TASK DIRECTIONS: The listing below must be repeated word for word, with its images excluded.

DATA PROVIDED:
-*-*-

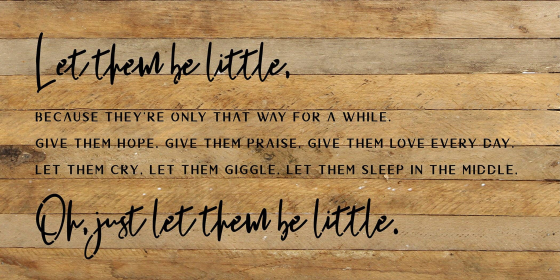 Let them be little because they're only... Wood Sign (Color: NR - Natural Reclaimed with Black Print, size: 24x12)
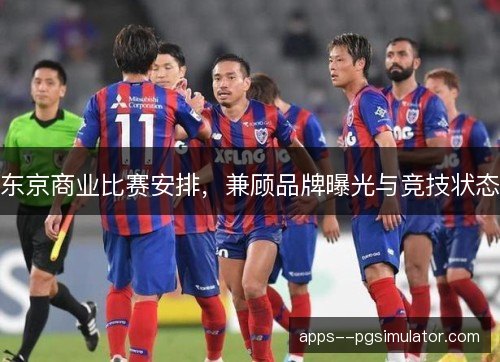 东京商业比赛安排,兼顾品牌曝光与竞技状态 东京商业比赛安排,兼顾品牌曝光与竞技状态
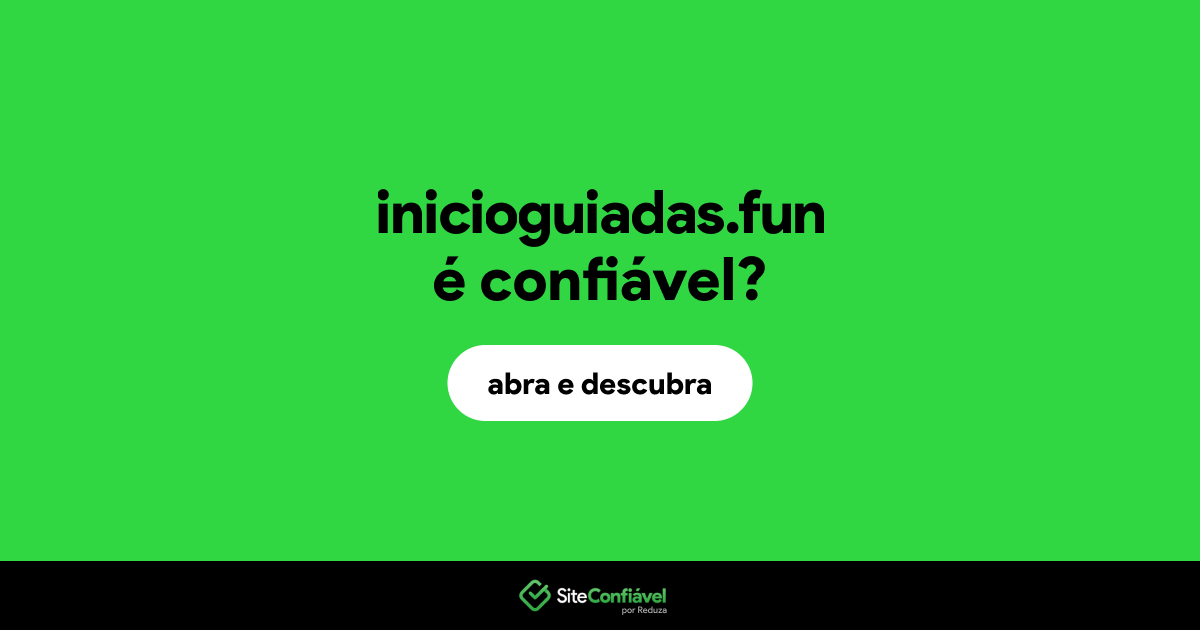 O site inicioguiadas.fun é confiável?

-*-*-

THE ANSWER:
 Let them be little because they're only... Wood Sign (Color: NR - Natural Reclaimed with Black Print, size: 24x12)
 东京商业比赛安排,兼顾品牌曝光与竞技状态 东京商业比赛安排,兼顾品牌曝光与竞技状态
 O site inicioguiadas.fun é confiável?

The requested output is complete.